§ Problem:
Before copying, set the pictures aside; then repeat every line below verbatim.
==== Available data ====
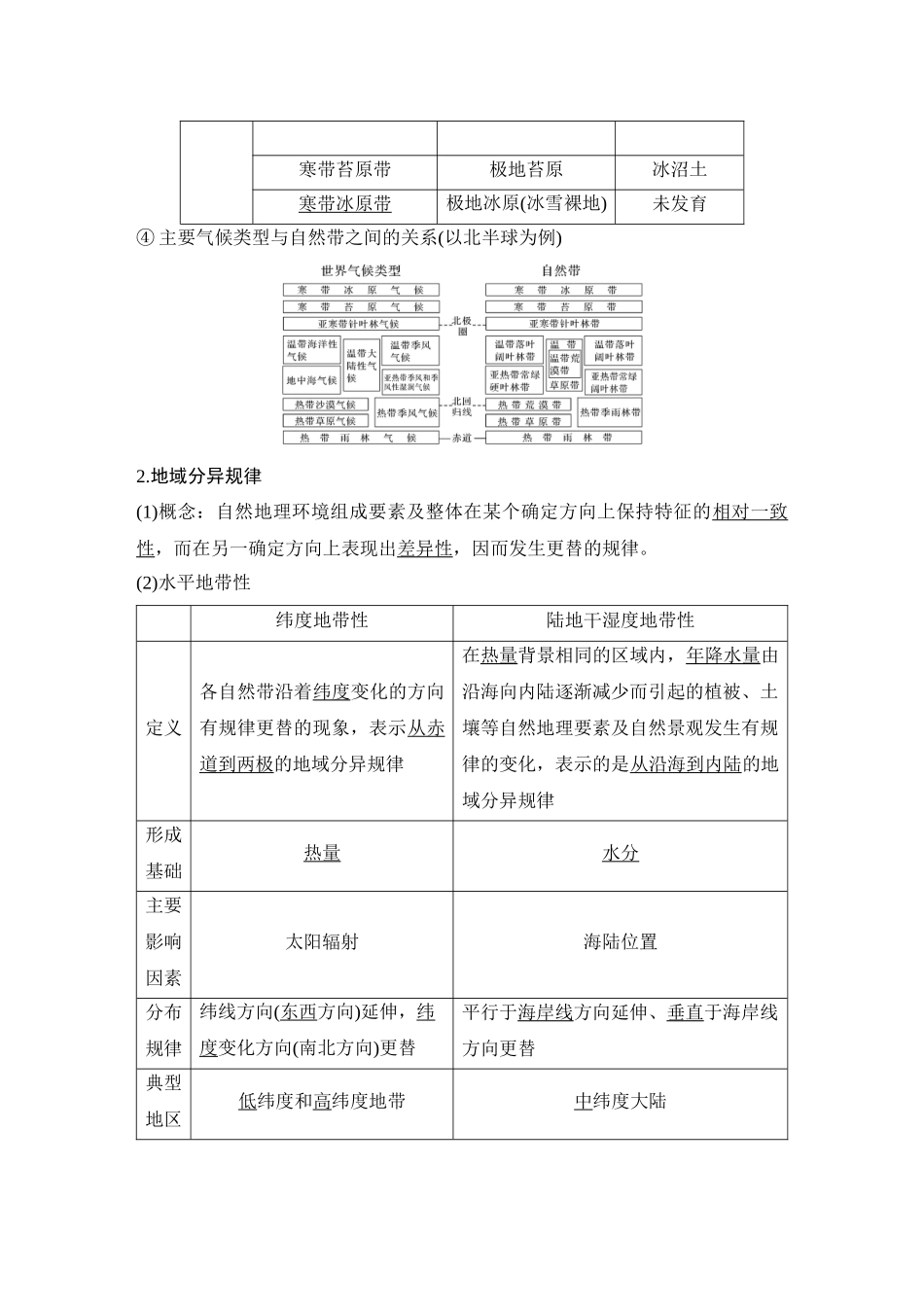 2026版创新设计高考总复习地理中图版教师用-第42课时　水平分异规律和地方性分异规律.docx_第2页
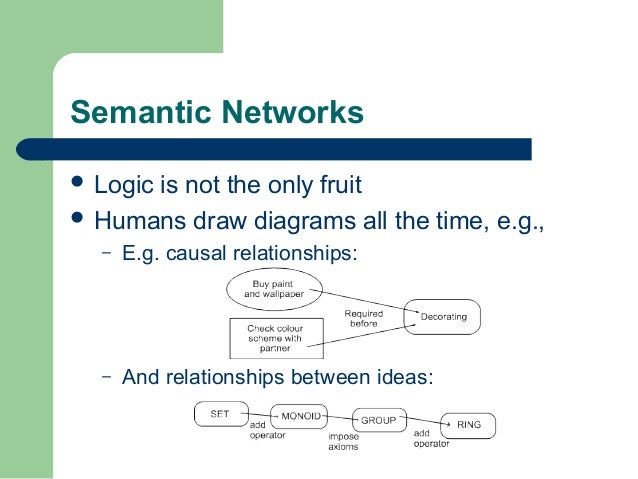Dissertation artificial intelligence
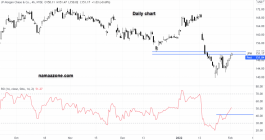JPMorgan Stock - Feb 01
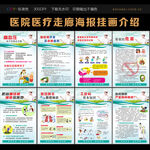 医院医疗疾病知走廊海报挂画介绍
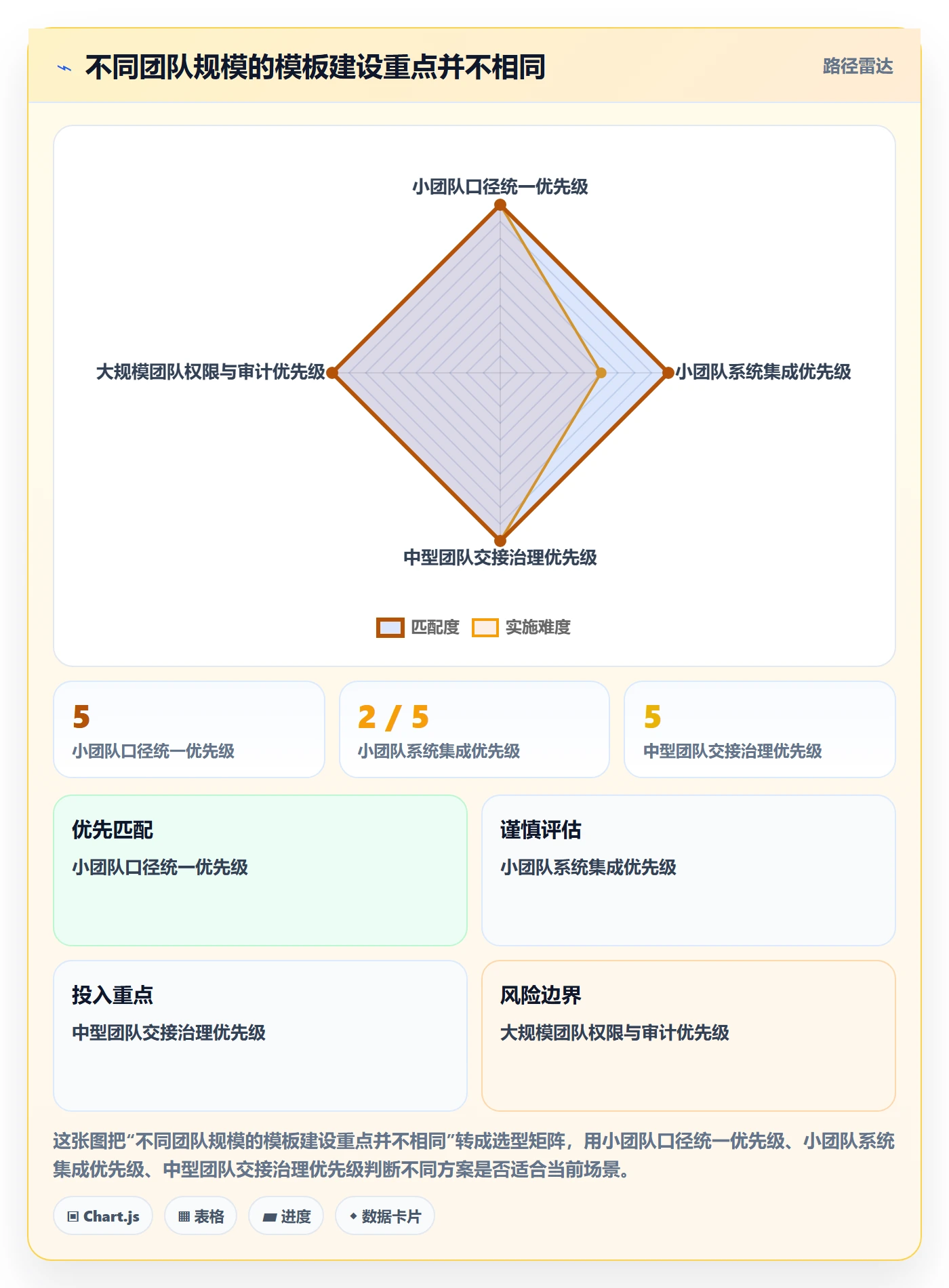 temu管理模板：围绕选品定价开展自动化方案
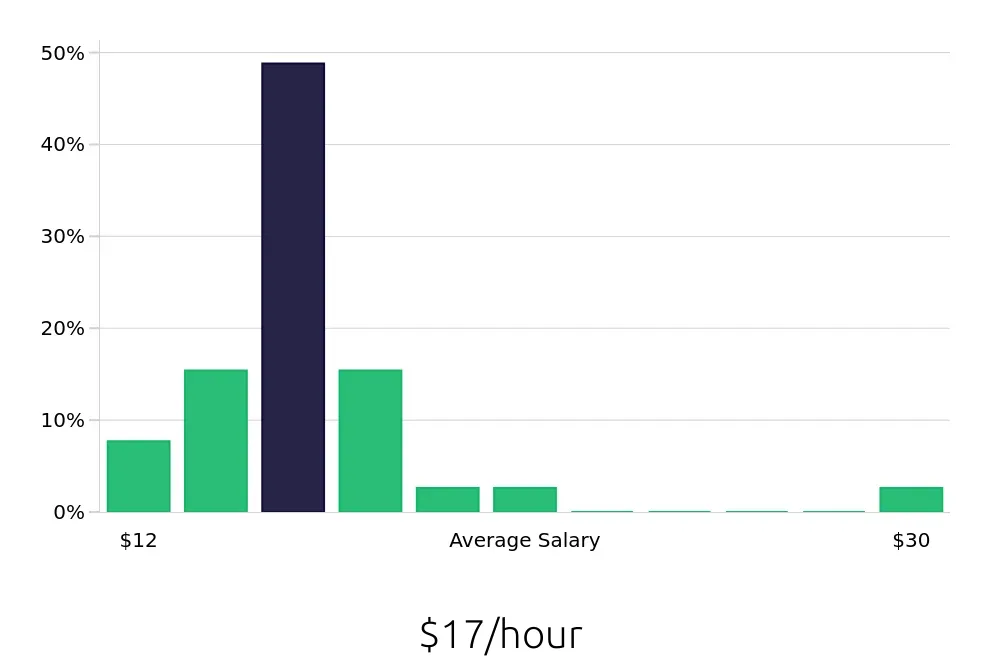 Graph depicting the hourly salary distribution for Retail Merchandiser jobs in Lawrence, KS, showing an average salary of $17 with varying distribution percentages across salary ranges.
====
§ Response below:
 2026版创新设计高考总复习地理中图版教师用-第42课时　水平分异规律和地方性分异规律.docx_第2页
Dissertation artificial intelligence
JPMorgan Stock - Feb 01
 医院医疗疾病知走廊海报挂画介绍
 temu管理模板：围绕选品定价开展自动化方案
 Graph depicting the hourly salary distribution for Retail Merchandiser jobs in Lawrence, KS, showing an average salary of $17 with varying distribution percentages across salary ranges.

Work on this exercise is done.